But Murchey did find transportation to her doctor with Adam Fox in his red Chevy Cruze. Fox drives for Lyft, and this ride is part of a relatively new arrangement Murchey’s senior living community signed with the ride-sharing company.

“As we have evolved as a company, we believe it translates very well into health care and to that segment of our business,” said Dan Trigub, who heads up Lyft’s elder mobility initiative. “And certainly for our elder population.”

For ride-sharing companies, competition for customers can be fierce, particularly among millennials. For seniors, however, especially those over the age of 80, there’s a lot of room to grow. The Phoenix area has become a testing ground of sorts for those companies to better serve this relatively untapped market.

Trigub said making his company’s app work for a population that doesn’t always have a smartphone has its challenges. That is why, to make this work, Lyft and other ride-sharing companies have entered partnerships with senior living communities. So all Murchey had to do to order her ride was call the front desk at the retirement home where she lives.

“We’ve had 30 percent of the residents in the pilot community take a ride through Lyft,” added Andrew Smith, the director of strategy and innovation at Brookdale, a national assisted living chain. He said at first, his company was unsure its residents would be comfortable with this type of service. But initial results are showing otherwise, as 50 percent of those residents are repeat riders.

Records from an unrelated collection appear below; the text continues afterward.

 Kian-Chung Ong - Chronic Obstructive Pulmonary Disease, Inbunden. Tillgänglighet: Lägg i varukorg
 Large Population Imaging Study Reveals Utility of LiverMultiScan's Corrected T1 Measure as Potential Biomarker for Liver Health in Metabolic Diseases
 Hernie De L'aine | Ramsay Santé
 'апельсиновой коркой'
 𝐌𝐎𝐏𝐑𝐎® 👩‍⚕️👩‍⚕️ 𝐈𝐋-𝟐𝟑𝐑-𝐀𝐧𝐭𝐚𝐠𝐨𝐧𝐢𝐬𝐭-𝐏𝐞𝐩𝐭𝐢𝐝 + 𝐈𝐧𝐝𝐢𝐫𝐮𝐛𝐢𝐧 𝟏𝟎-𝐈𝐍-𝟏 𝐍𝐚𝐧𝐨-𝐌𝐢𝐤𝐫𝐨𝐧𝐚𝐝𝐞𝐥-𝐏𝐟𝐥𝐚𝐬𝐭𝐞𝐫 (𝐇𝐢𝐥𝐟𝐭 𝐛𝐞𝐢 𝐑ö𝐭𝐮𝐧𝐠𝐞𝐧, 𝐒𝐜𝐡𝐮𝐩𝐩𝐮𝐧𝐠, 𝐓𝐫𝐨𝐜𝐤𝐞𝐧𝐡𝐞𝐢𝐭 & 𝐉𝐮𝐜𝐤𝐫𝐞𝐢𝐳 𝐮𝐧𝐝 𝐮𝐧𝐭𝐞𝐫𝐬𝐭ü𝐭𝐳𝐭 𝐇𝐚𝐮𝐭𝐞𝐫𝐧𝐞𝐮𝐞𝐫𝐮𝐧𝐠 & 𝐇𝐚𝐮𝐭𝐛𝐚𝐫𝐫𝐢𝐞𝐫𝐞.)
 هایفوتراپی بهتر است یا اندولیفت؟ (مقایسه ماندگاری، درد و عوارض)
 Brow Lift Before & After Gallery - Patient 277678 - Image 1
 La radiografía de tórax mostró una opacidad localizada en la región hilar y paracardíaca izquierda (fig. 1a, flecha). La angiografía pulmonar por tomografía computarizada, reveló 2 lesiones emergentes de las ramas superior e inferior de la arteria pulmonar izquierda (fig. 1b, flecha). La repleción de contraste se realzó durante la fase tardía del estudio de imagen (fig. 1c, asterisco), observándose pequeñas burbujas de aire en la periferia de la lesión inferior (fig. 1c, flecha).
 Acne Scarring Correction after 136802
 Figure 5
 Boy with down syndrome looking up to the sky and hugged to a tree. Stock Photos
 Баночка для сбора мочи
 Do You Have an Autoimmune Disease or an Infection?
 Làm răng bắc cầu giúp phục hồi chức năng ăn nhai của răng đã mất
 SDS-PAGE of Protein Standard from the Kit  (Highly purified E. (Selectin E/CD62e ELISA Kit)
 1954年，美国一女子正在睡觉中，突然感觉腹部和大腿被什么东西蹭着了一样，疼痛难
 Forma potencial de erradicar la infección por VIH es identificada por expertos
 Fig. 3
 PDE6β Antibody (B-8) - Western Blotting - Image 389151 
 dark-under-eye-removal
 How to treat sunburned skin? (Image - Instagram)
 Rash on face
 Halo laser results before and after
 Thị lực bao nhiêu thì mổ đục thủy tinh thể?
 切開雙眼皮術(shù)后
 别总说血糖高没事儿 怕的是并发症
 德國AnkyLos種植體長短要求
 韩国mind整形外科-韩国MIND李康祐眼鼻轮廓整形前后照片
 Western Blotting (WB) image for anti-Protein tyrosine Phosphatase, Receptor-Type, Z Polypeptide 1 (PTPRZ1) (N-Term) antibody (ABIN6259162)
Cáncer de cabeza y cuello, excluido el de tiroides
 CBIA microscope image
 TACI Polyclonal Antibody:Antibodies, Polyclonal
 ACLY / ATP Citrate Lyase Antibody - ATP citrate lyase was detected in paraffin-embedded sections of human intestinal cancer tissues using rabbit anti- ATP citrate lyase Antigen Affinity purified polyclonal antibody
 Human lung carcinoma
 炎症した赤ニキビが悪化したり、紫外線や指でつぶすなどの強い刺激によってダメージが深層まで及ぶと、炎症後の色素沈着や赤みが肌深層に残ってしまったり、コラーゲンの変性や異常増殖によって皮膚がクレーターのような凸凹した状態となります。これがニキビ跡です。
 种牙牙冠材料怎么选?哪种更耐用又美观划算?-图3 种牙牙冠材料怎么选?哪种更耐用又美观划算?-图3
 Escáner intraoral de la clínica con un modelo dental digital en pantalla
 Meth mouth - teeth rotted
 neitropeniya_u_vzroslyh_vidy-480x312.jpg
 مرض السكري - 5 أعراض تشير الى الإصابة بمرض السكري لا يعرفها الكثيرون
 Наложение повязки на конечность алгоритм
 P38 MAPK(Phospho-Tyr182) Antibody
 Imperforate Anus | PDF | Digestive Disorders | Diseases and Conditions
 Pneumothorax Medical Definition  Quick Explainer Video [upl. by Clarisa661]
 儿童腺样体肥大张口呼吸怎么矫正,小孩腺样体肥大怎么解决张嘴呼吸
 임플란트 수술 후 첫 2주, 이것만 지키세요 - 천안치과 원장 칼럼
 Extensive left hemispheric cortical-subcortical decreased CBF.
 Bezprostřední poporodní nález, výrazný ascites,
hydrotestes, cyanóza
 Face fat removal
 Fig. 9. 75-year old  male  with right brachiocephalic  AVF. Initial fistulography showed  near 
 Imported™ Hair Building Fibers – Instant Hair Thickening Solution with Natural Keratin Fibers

Transportation expert Carol Wright, with the National Aging and Disability Transportation Center, said she isn’t surprised these partnerships are forming.

“If there are enough numbers of people who want a certain thing, the market is going to respond accordingly,” she said.  

She added that with more than 20 percent of the population expected to be over the age of 65 in the next 15 years, the demand for flexible and reliable transportation options is likely to grow.